Ceux qui ont réussi à apprivoiser son Boo Boo de 2017 seront heureux de savoir que Chaz Bundick va mieux. Outer Peace se veut plus optimiste et romantique, opposant aux nappes froides de son cadet un sillon plus dansant. En ce sens, il s'inscrit dans la continuité de Michael, le disque de son alias house Les Sins. Entre une pop bontempi sans concessions sur le single "Freelance" et un gros clin d’œil à la deep house de Chicago sur "Who I Am", le patchwork ici tissé est aussi imprévisible que solaire. Et comme d’habitude, les tubes de poche ne manquent pas.
Mais Boo Boo a quand même laissé quelques traces, et Toro y Moi met l’autotune et sa mélancolie robotique au service des meilleures respirations de Outer Peace – on pense à l’épatant "50/50" qui conclut le disque. Mais là où son aîné s'appropriait le logiciel à des fins expérimentales, Outer Peace en fait usage de manière un peu trop prévisible. En grand amateur de rap, Bundick donne le sentiment de vouloir jouer les Travis Scott le temps d’une poignée de titres, et ce sont ces titres un peu trop dans l’air du temps qui privent le disque de son homogénéité. Et au final, ça ressemble à un énième disque de pop faisant usage de l’autotune - à se demander si la vraie prise de risque en 2019 n'est pas de sortir un disque qui n'en use (ou abuse) pas.
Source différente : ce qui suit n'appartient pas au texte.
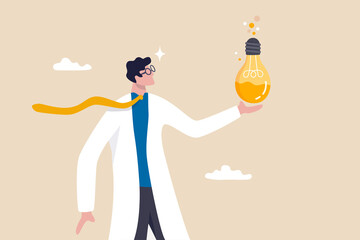 Experiment new creative idea, research to discover and invent new product, entrepreneurship mindset or business analysis concept, businessman experimenting new idea lightbulb to invent new product. - obrazy, fototapety, plakaty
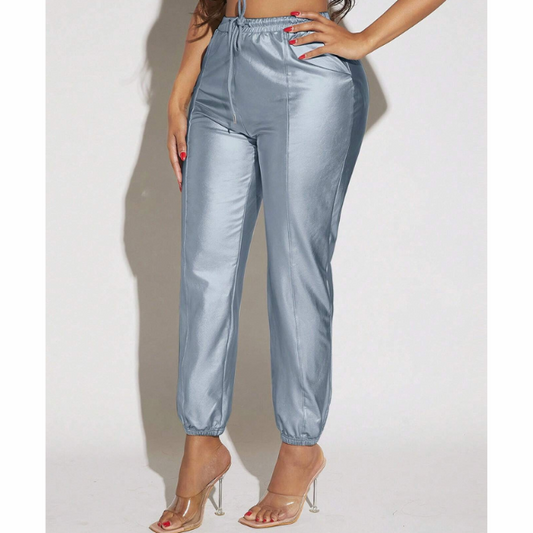 Sexy Metallic Drawstring Waist Pants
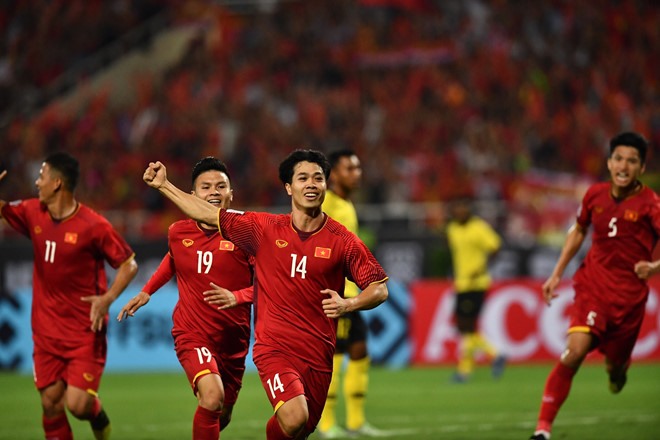 Công Phượng đang có 2 bàn sau 2 trận ở kì AFF Cup đầu tiên trong sự nghiệp. Ảnh: TT.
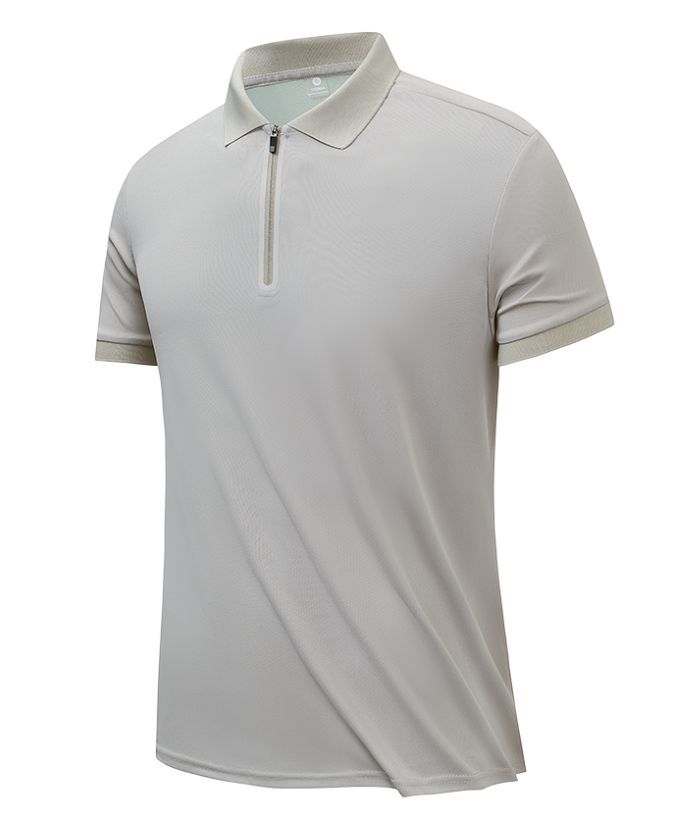 ZITY Men's Casual Slim Fit Quarter Zip Polo Shirt-8337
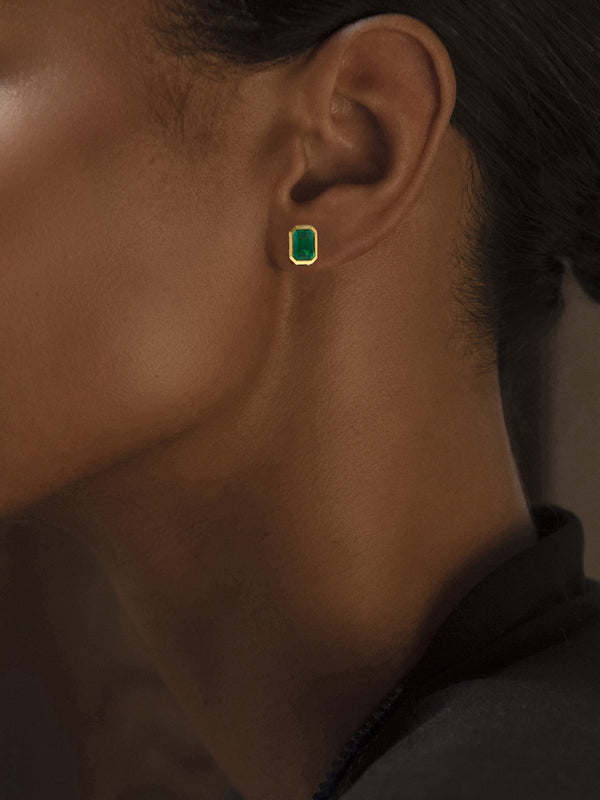 Azlee Rich Large Emerald Studs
Dans cette perspective, on pourrait penser qu'Outer Peace est le moins bon disque de la discographie de Toro Y Moi. Mais on peut compter sur le timbre de voix unique de Chaz Bundick et sur son savoir-faire pop pour atténuer notre déception. De toute façon, depuis Anything In Return, on a compris que celle-ci faisait partie de l'équation, que jamais plus sa pop ne formerait un ensemble aussi compact. Pour autant, la prise de risque est souvent salutaire, et il est tout à fait possible que les écoutes répétées nous permettent de revoir notre jugement dans les mois qui viennent. Depuis le temps qu’il arrive à nous mettre dans la poche sur la longueur, c’est pas comme si on ne commençait pas à en avoir l’habitude.